Penemuan Jasad dan Kondisi Korban
Pagi hari pada Jumat, 15 Mei 2026, warga dikejutkan dengan kabar seorang pria berinisial S (48 tahun) ditemukan tewas di dalam kamar rumahnya di Kalurahan Margoagung, Kapanewon Seyegan, Sleman. Ibu kandung korban yang pertama kali menemukan jasad anaknya sekitar pukul 07.00 WIB, melihat korban dalam posisi terlentang di lantai dengan luka gorok pada bagian leher.
Lurah Margoagung, Djarwo Suharto, membenarkan adanya kejadian ini dan turut menyampaikan belasungkawa atas meninggalnya warga tersebut. Ia menambahkan bahwa korban baru saja resmi menjadi pegawai PPPK di Dinas Pekerjaan Umum, Perumahan dan Kawasan Permukiman (DPUPKP) Sleman, dan memilih tinggal di rumah orang tuanya untuk mendukung pekerjaan barunya.
Asal-Usul dan Kepindahan Korban
S sebelumnya tercatat sebagai warga Kabupaten Gunungkidul berdasarkan domisili istrinya. Namun setelah pengangkatan sebagai PPPK di lingkungan Pemerintah Kabupaten Sleman, korban memilih kembali ke kampung halamannya di Seyegan. Hal ini dilakukan agar ia bisa tinggal bersama ibunya yang masih menetap di situ, sekaligus memudahkan akses ke tempat kerjanya di Sleman.
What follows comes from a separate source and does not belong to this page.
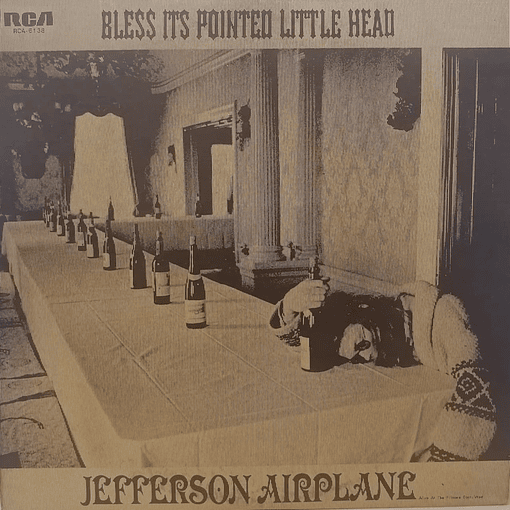 Jefferson Airplane - Bless Its Pointed Little Head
Proses Penyidikan dan Kondisi Lokasi
Setelah jasad ditemukan, aparat kepolisian dan TNI segera mendatangi lokasi untuk melakukan olah tempat kejadian perkara dan pengamanan area. Proses sterilisasi lokasi ini penting untuk memastikan tidak ada unsur lain yang mengganggu jalannya proses penyidikan lebih lanjut.
Dampak dan Implikasi Kejadian
Kejadian tragis ini memberikan dampak mendalam, terutama bagi lingkungan sekitar dan instansi tempat korban bekerja. Selain mengungkap fakta dari penyebab tewasnya korban, kasus ini memicu refleksi terkait aspek keamanan dan kesejahteraan pegawai PPPK. Investigasi lebih lanjut sangat diperlukan untuk mengetahui motif dan faktor-faktor yang berperan dalam kasus ini.
Ringkasan
Penemuan korban pegawai PPPK Sleman yang ditemukan meninggal dengan luka gorok di rumahnya menjadi peristiwa memilukan yang mengguncang masyarakat Dusun Klawisan Topadan. Meski baru mulai berkarir sebagai pegawai DPUPKP, nasib tragis menghampiri S. Hingga kini kasus ini masih dalam proses penyelidikan intensif guna mengungkap penyebab dan pelaku jika ada. Masyarakat dan pihak terkait diharapkan dapat menunggu hasil penyidikan resmi sambil memberikan dukungan kepada keluarga korban.
FAQ
Siapa korban tewas di Sleman?
Korban adalah pria berinisial S, pegawai PPPK di Dinas Pekerjaan Umum Kabupaten Sleman.
Apa kondisi jasad korban saat ditemukan?
Korban ditemukan dengan posisi terlentang dan terdapat luka gorok di leher.